Don’t like him. Don’t like her. I just pleasantly tolerate your presence around mine’s.
I cannot love you. I am in love with someone else and I must be sure that I am where I am supposed to be. I need to settle down and you came too late, you came too early, you do not exist and I cling to you.
Maybe I am starting to like him, maybe I like him more than I thought, and our squabbles turn to smiles, and our fights are hidden in the symbolism of care.
I must be something for you. I almost feel the awful stench of responsibility flowing through me, maturing sensations, foolishness fading… do I learn? Why do I learn?
What does she know? What does he know? Does she even suspect? Does he think about it too? It must be what I think it is, what other people have love has spread to me.

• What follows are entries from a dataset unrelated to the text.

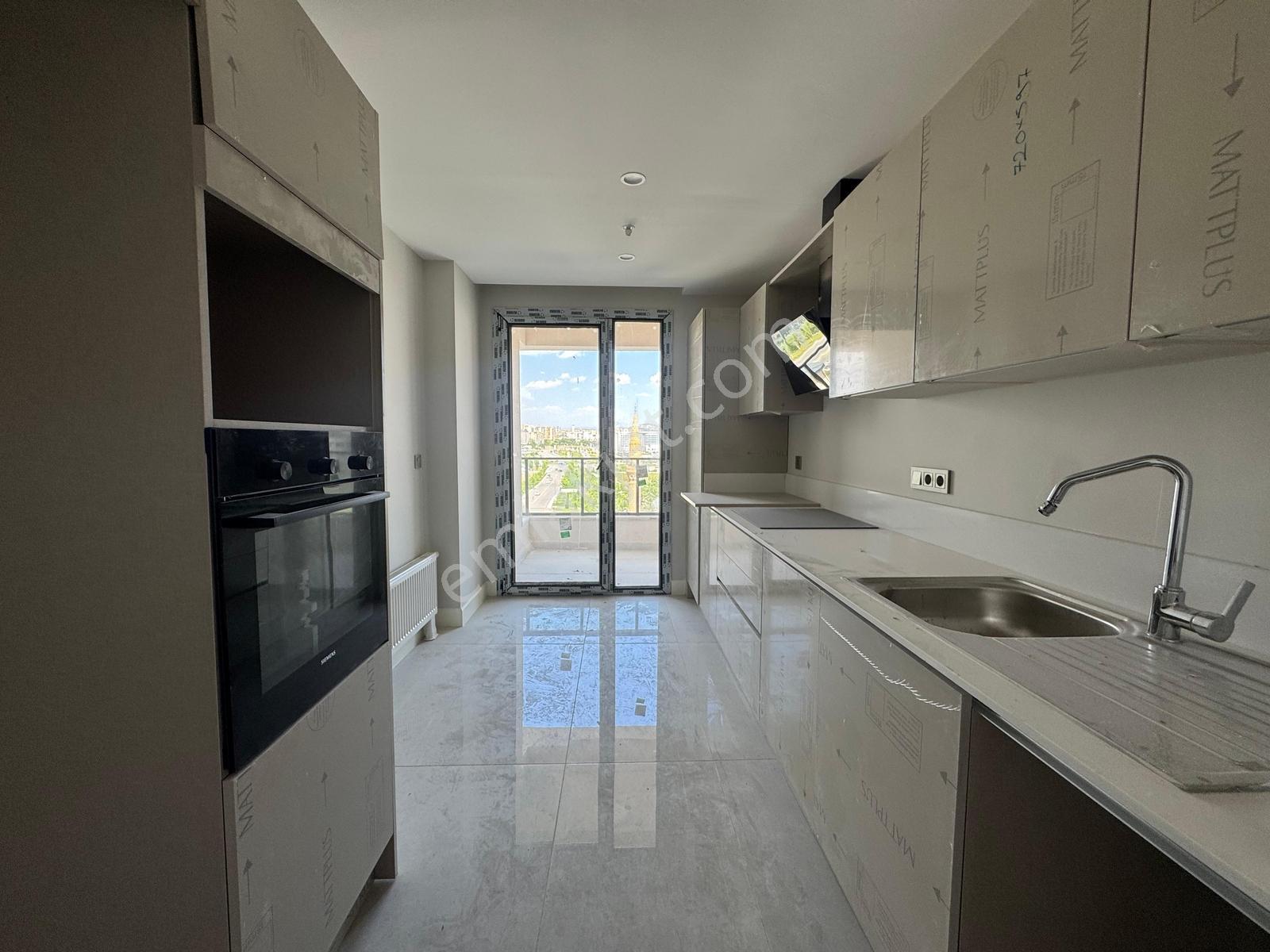 Adres Ankara'da Ultra Lüx Oturuma Hazır Geniş 3+1 Kiralık Daire - Görsel 9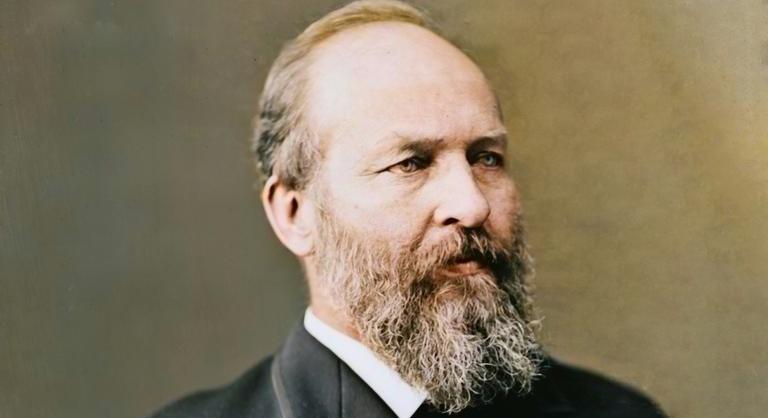 Saját orvosai ölték meg az amerikai elnököt, nem a merénylő fegyvere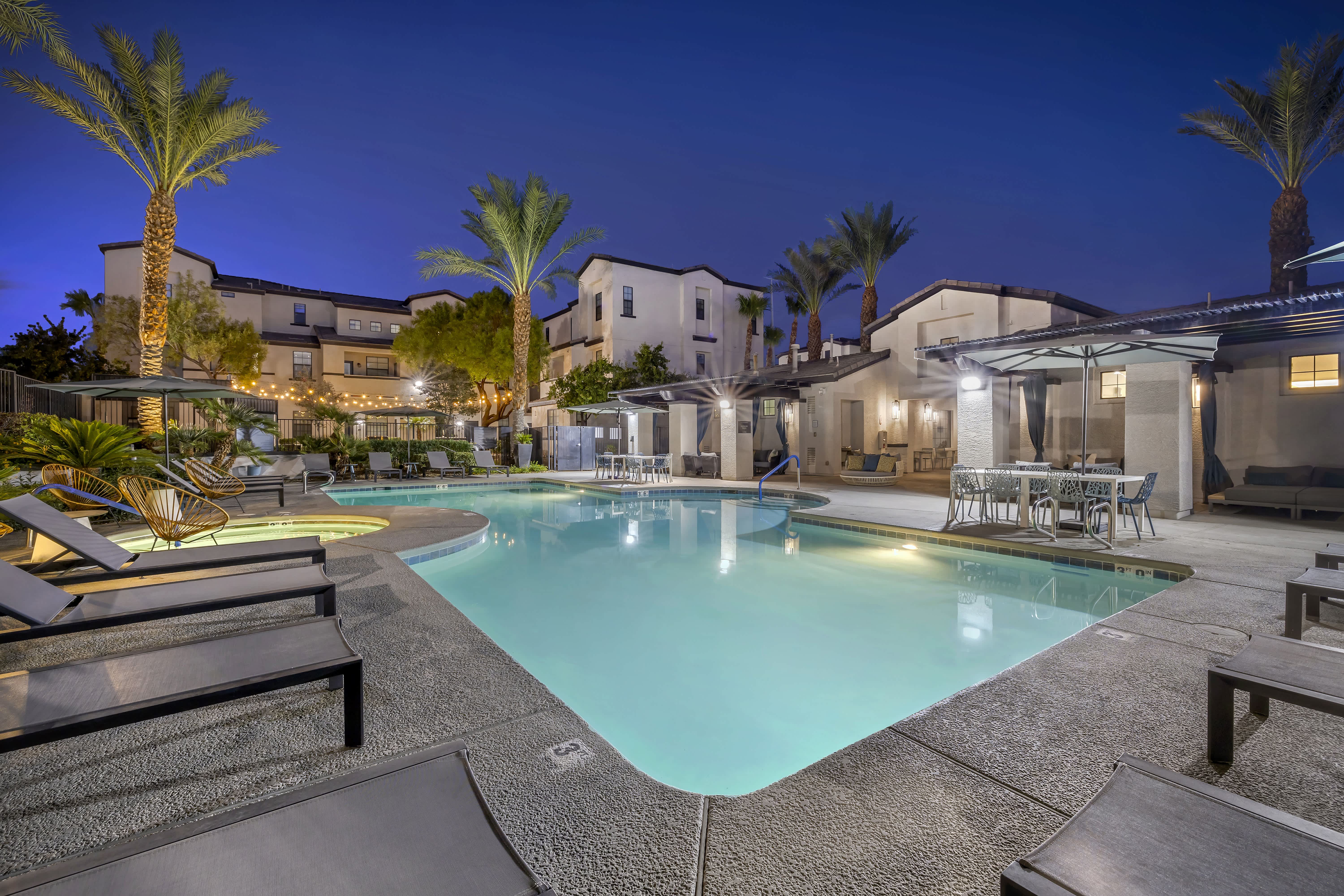 The Michael B Townhomes And Flats – photo 2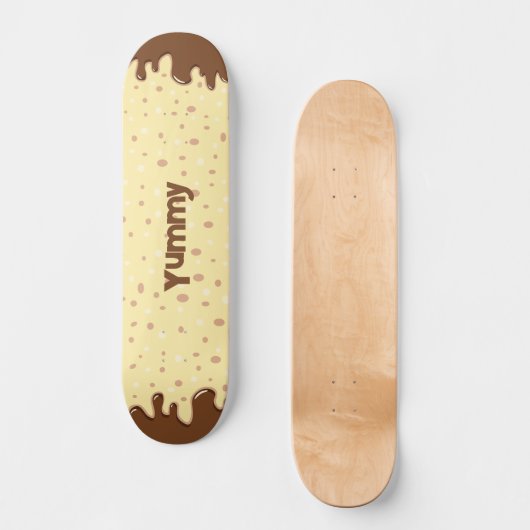 Cartoon druiptaart met naam persoonlijk skateboard (Voorkant)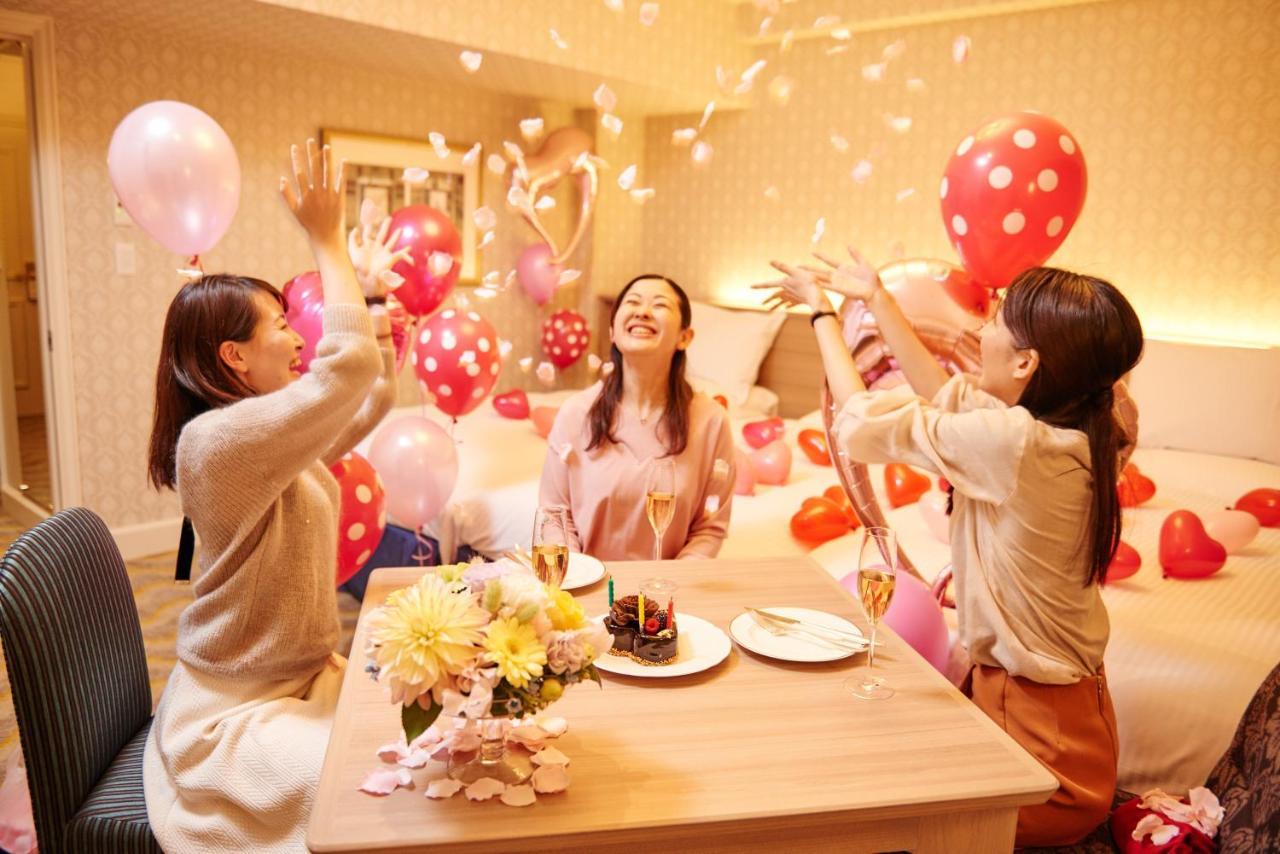Hotel Okura Tokyo Bay Urayasu Zewnętrze zdjęcie A party in Japan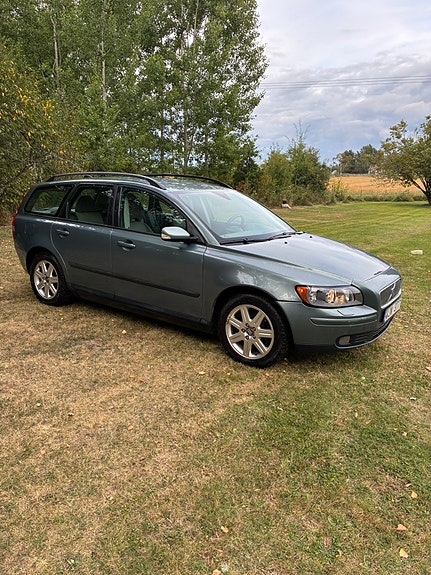 Volvo V50 2 of 4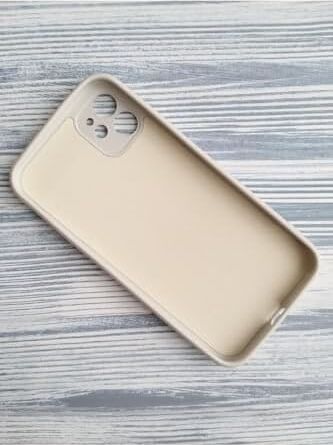 - iPhone 11 Kılıf ile iPhone 12 Görünümü | Köşeli Tasarım ile Modern Estetik | Mat Yüzeyli Beyaz Silikon Arka Kapak | Darbe Emici Yapı | Kamera Koruması ve Şık Hatlar - Krem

I cannot even believe it. He just thinks of her with someone else and she just imagines a life without him and the mathematics are suddenly a thing of the heart. You plus me, multiplied by kids, divided by the time we have left. Is it disgusting how you think, I should think about you?
This is our romance, where he does the grandiose gesture and she bundles in her mind to accept or decline it. Am I so very wrong to want you for myself? I will die for the love I share with you if those circumstances were ever to arrive, so it may be that it could happen or that it could not happen. Why didn’t I like you when I met you?
He wants to hold her forever, she wants to love him forever, and the obstacles are gone, and I wrap my arms around our happiness because after the first course is done, there will be no more turmoil for our love and no more problems but to look each other within the eyes and say the words. The word, the word which is love, which is this feeling we have and all the roads we have fought against, and every touch, and every kiss.
She has found her man, he has found his woman. This is all what has happened in our fallings of love and if I don’t love what you’ve become, I’ll take it.